The caesarean sections that were performed in these patients were related to:

- Lack of engagement of the fetus at full dilation of the cervix

- Disproportions between fetus and maternal pelvis.

Evacuated patients remain patients at obstetrical risk because they are the ones who increase the rate of caesareans; in fact, 75% of caesarean patients (12/16) were evacuated.

5. Analysis of the Situation

Childbirth remains a happy event in Africa. Even if a newborn belongs to a couple, everyone feels concerned by his arrival. The pregnant woman and more particularly the woman who gives birth is very well surrounded by her relatives.

The structuring of care in Africa means that the attention to which the pregnant woman is accustomed in her environment is brutally broken by the demands of medical care. Indeed, parturients have their labor away from the gaze of relatives, in an environment where the stress linked to the work overload, the risk of complications and the inadequacy of the technical platform, burdens the human gaze and the empathy for these parturients. This lack of comfort has been taken into account in the quality of care for women in labor with the concept of obstetric violence.

Maternity is no longer seen as a place that guarantees the safety of childbirth, but rather as an appendage of the administration; one has to give birth there in order to guarantee the administrative recognition of his newborn. Above all, women seek listening and consideration of their expectations [19] .

The results of this study confirm the words of Doctor Princess Nothemba Simelela, Deputy Director-General of WHO, in charge of the Family, Women, Children and Adolescents Group, who said in her press release of February 15, 2018 to WHO: “If labor is progressing normally and the woman and child are doing well, they don’t need any additional interventions to speed up labor.”

The example of women could serve as an example for many women who denounce obstetrical violence in maternity wards.

However, this work alone does not make it possible to point out obstetrical violence as the cause of labor or childbirth itself without any medical supervision, or to evoke the simple desire to obtain administrative papers.
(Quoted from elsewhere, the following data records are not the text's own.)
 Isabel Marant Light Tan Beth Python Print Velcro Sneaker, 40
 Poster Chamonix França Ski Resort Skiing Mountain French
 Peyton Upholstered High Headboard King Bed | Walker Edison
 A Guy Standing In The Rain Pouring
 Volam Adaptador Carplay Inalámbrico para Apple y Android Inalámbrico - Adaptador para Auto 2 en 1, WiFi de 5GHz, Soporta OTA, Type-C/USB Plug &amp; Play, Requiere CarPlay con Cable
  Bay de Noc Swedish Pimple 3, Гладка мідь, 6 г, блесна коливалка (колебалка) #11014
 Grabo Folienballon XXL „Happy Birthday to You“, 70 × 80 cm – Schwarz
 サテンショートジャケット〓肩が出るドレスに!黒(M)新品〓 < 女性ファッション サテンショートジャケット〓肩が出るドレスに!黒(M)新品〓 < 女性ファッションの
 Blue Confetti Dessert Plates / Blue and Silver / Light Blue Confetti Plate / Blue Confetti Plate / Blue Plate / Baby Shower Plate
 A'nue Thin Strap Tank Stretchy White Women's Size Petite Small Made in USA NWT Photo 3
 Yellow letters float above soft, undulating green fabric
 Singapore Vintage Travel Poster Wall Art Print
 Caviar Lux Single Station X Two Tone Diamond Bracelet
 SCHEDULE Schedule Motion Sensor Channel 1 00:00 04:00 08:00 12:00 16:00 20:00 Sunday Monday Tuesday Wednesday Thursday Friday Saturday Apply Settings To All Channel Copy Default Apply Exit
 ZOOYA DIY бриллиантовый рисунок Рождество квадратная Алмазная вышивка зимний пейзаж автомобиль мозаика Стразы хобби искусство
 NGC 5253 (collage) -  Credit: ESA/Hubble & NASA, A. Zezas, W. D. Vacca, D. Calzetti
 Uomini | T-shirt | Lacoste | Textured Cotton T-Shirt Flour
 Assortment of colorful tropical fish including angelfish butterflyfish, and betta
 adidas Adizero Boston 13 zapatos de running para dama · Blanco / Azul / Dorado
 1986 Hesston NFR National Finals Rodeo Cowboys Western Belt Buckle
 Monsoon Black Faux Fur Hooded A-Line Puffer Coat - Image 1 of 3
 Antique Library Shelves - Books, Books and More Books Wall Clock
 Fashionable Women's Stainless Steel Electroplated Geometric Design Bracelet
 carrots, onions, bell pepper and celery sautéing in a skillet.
Indeed, the majority of patients had 4 prenatal consultations. Even if this number remains insufficient according to the new standards of the World Health Organization, it demonstrates a certain willingness of patients to remain in contact with the nursing staff and also a certain recognition of their ability to ensure safety for pregnancy and childbirth.

Unlike births at home or in the birthing center that happen in northern countries, here, births outside the hospital are impromptu and the good results are linked to nature, to physiology. Risk factors are not detected. Culture still has an important impact on attitudes and practices, which explains why it is appropriate to involve traditional birth attendants. But the example of Haiti shows us that implementation can be difficult [20] .

6. Conclusion

Death is a drama that still lurks around a happy event which is the childbirth. The millennium goals are to reduce the mortality rate, especially in developing countries where this health indicator represents a health emergency. The obstetrical violence to which pregnant women feel subjected alters the quality of the patient-doctor relationship in general, in developing countries particularly. The cultural perception of pregnancy and childbirth still encourages many pregnant women to seek second-line medical care. In this context, it will be difficult to reduce maternal mortality without an in-depth analysis of this obstetrical violence. Indeed, the obstetrical violence that can explain this estrangement from the medical environment can be circumvented by personalized support, perhaps making it possible to ensure follow-up in the maternity ward.

Conflicts of Interest

The authors declare no conflicts of interest.